Top of THE DATA

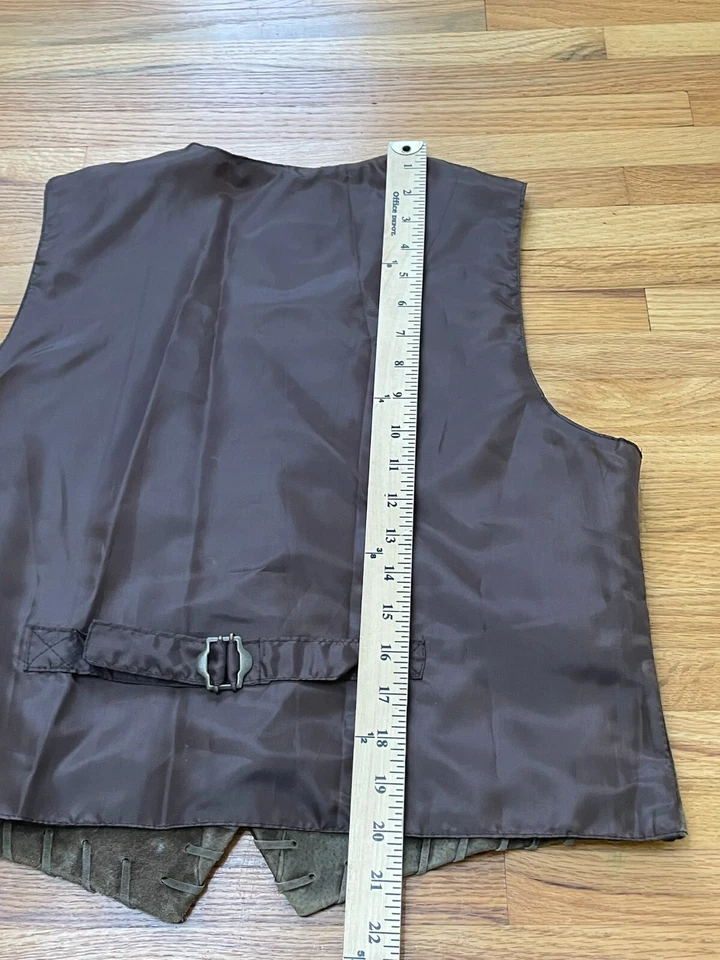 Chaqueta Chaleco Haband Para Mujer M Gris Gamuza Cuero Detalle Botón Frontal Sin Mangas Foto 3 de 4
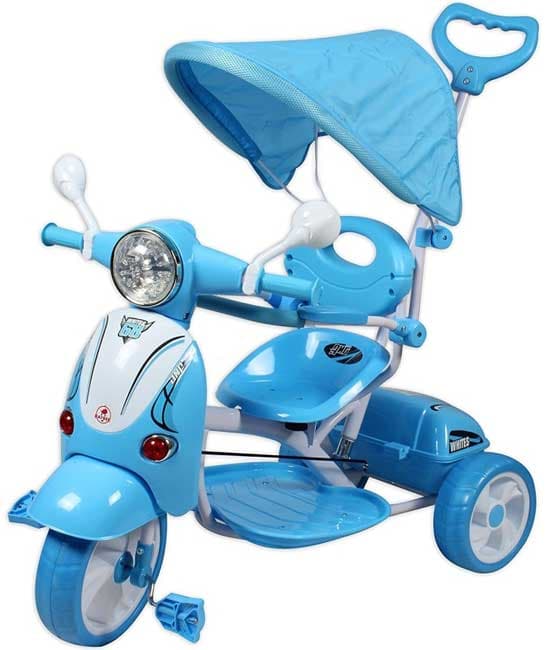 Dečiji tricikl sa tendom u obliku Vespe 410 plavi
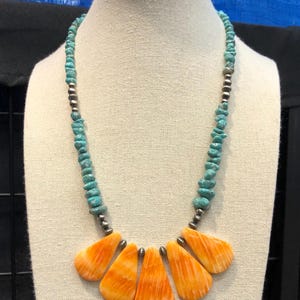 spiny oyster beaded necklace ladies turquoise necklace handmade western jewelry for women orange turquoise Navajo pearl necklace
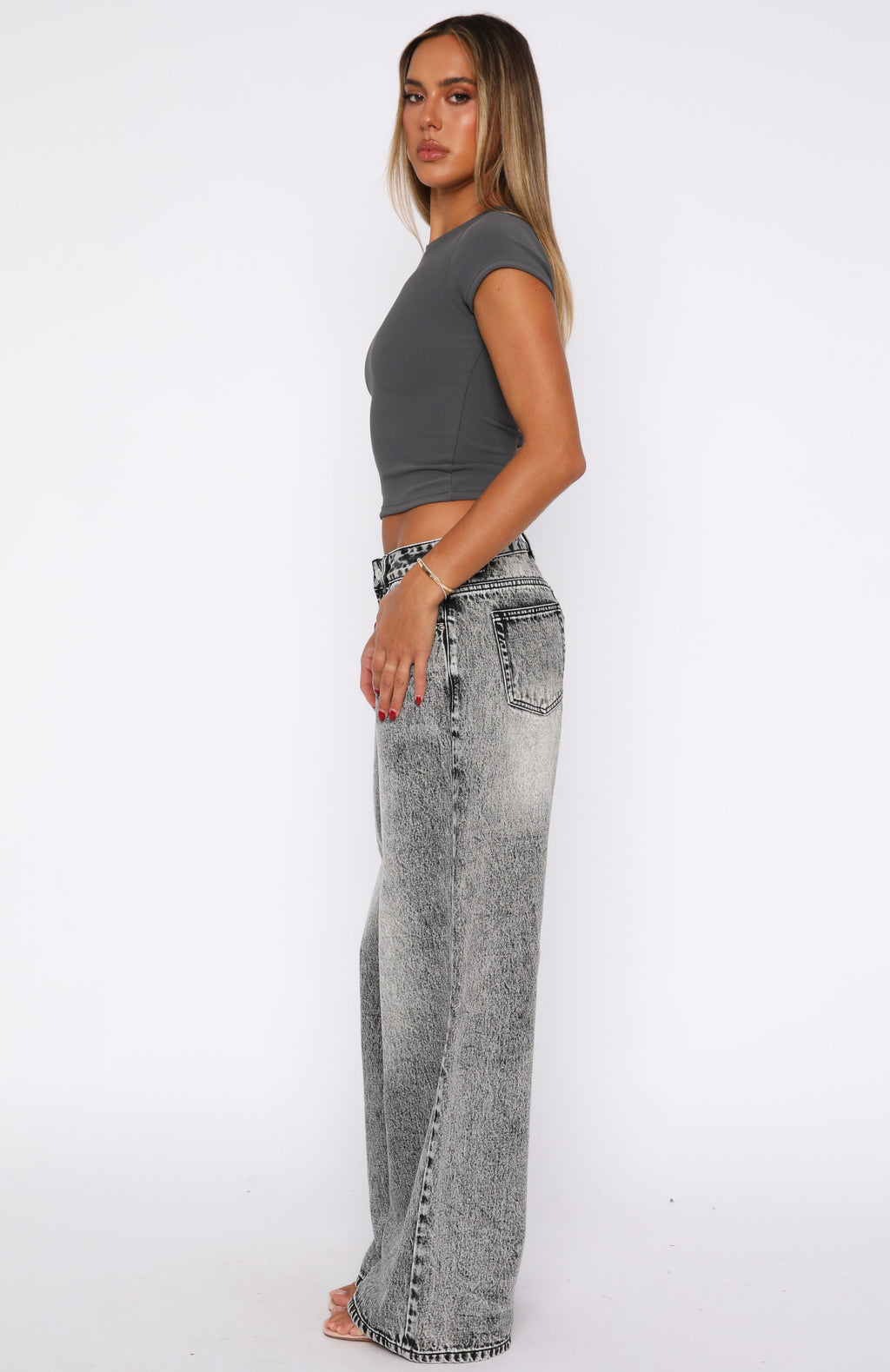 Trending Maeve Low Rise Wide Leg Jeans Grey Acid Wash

Bottom of THE DATA

* **HOW TO COMPLETE THIS TASK**
Output the data exactly. Pictures don't belong in the result.

* **FINAL ANSWER**
 Chaqueta Chaleco Haband Para Mujer M Gris Gamuza Cuero Detalle Botón Frontal Sin Mangas Foto 3 de 4
 Dečiji tricikl sa tendom u obliku Vespe 410 plavi
 spiny oyster beaded necklace ladies turquoise necklace handmade western jewelry for women orange turquoise Navajo pearl necklace
 Trending Maeve Low Rise Wide Leg Jeans Grey Acid Wash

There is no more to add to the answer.